The answer consists solely of the lines running from the one with "Tim Pelawak Ngeremehin" through the final line below, transcribed exactly and without any pictures.

Image-text web data

* * * * * * *

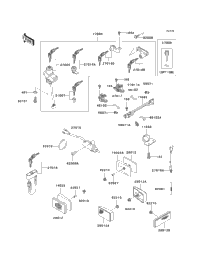 Ignition Switch/Locks/Reflectors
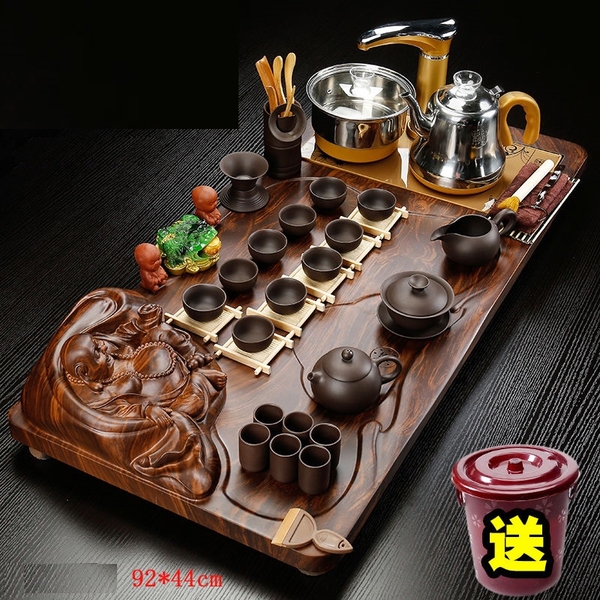 Bàn trà điện thông minh mẫu 5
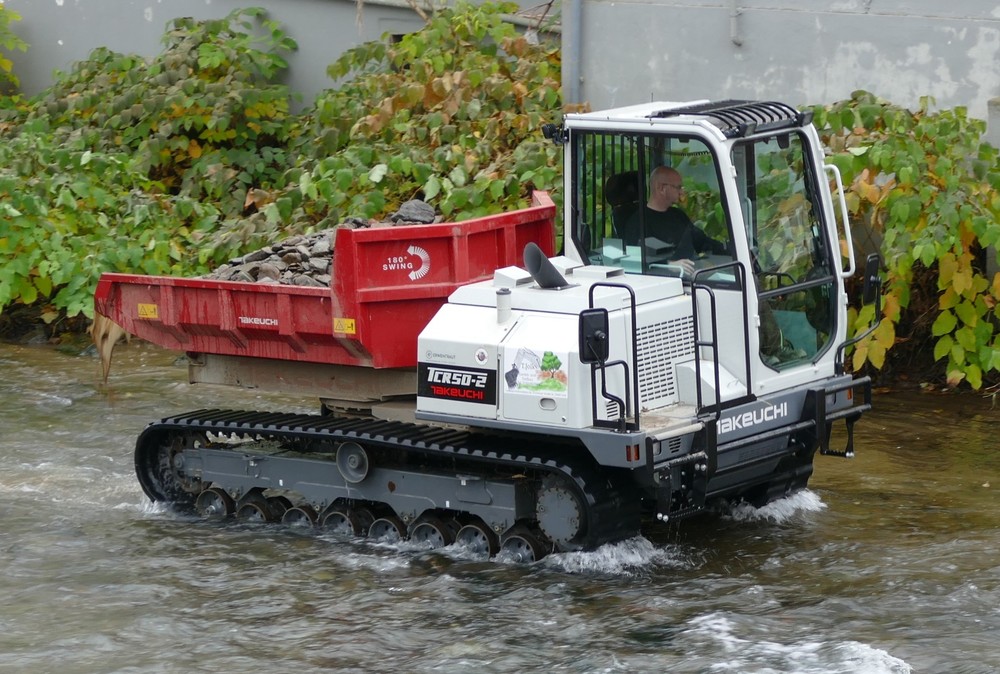 Takeuchi Dumper 1.JPG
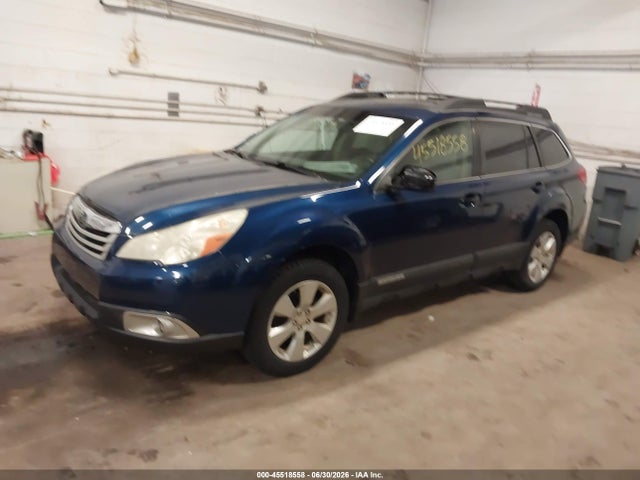 45518558 :رقم المزاد ، 4S4BRBGC7B3340981 vin ، 2011 Subaru Outback 2.5i Premium مزاد بيع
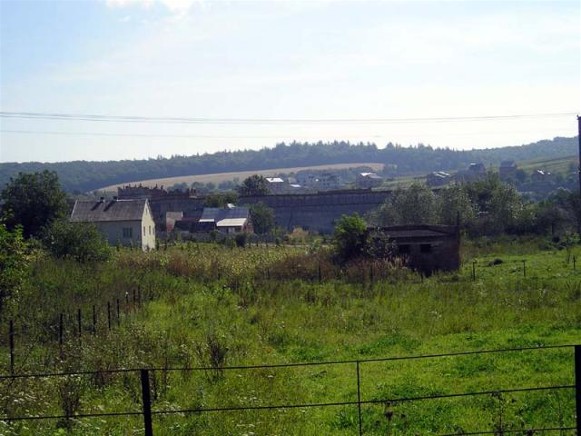 Image -- A view of Stare Selo in Lviv oblast.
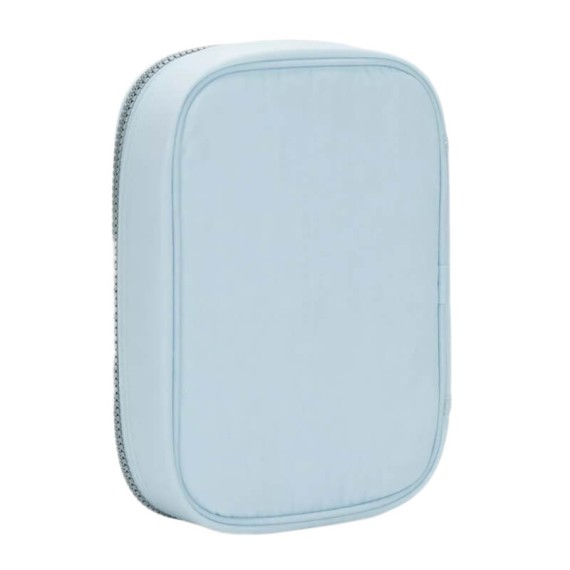 Estojo Escolar KIPLING 100 Pens Bridal Blue | Ref. 187.K094053EA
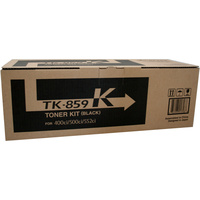 KYOCERA TONER CARTRIDGE TK-859K Black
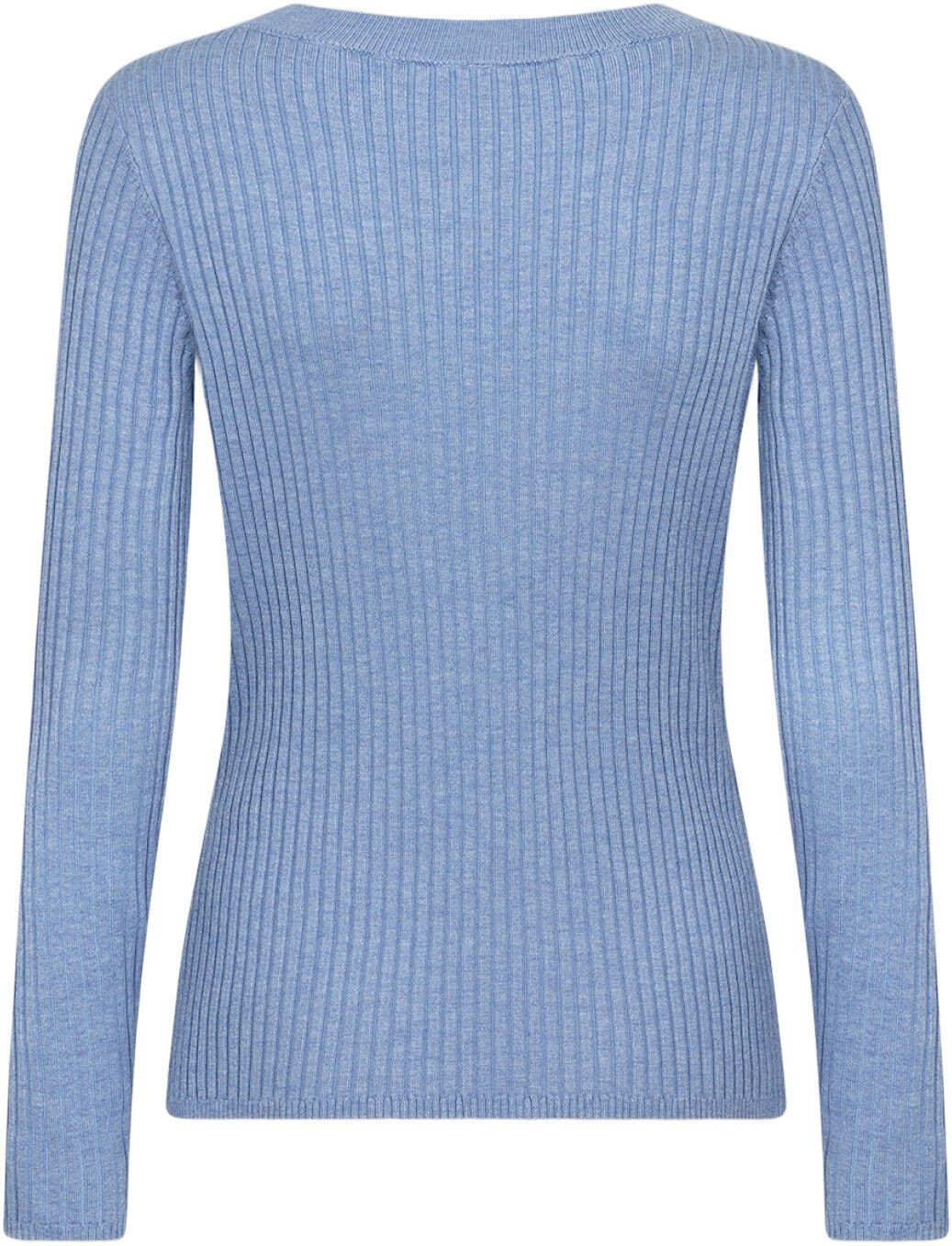 SC-DOLLIE 776 Pullover Lysebl&aring;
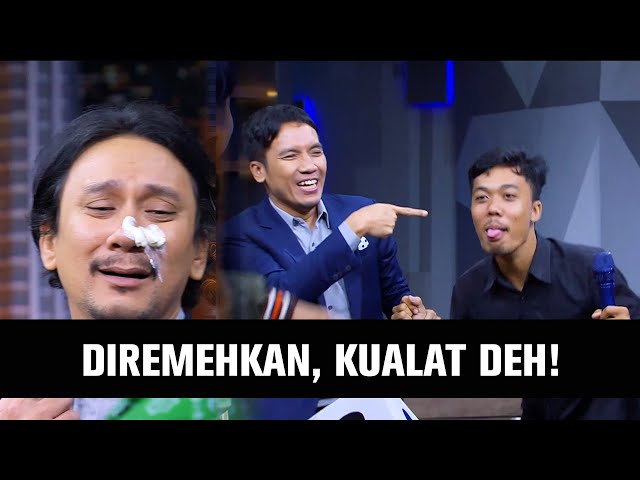 Tim Pelawak Ngeremehin Penonton, Jadi Kena Pie Face Deh! (3/4) class=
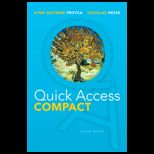 Quick Access Compact   With Mycomplab Access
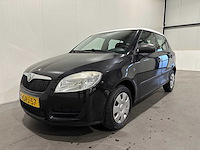 Skoda fabia 1.2 comfort 9-srj-57 - afbeelding 1 van  19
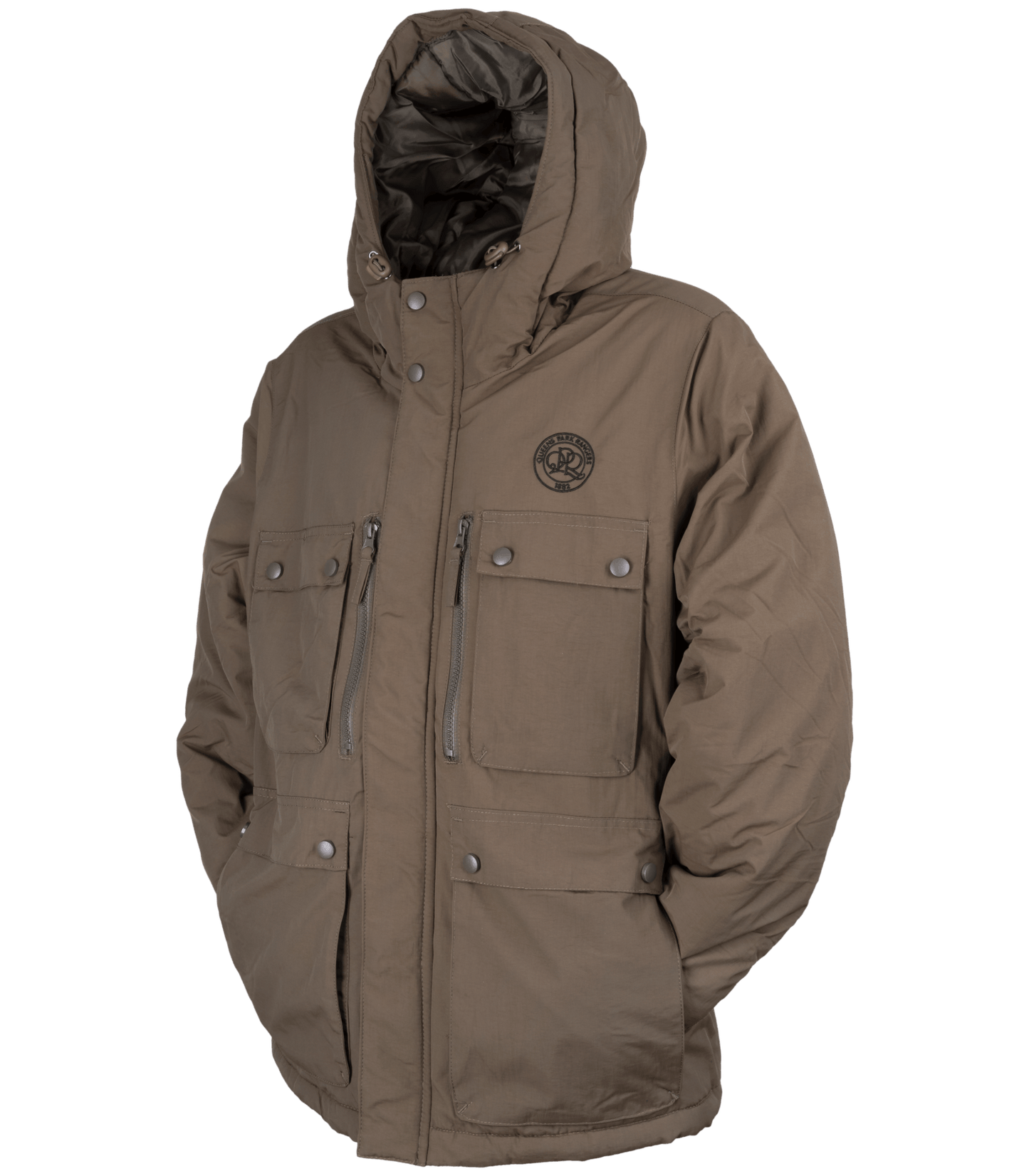 COLUMBUS PARKA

* * * * * * *

[Written solution]
 Tim Pelawak Ngeremehin Penonton, Jadi Kena Pie Face Deh! (3/4) class=
 Quick Access Compact   With Mycomplab Access
 Skoda fabia 1.2 comfort 9-srj-57 - afbeelding 1 van  19
 COLUMBUS PARKA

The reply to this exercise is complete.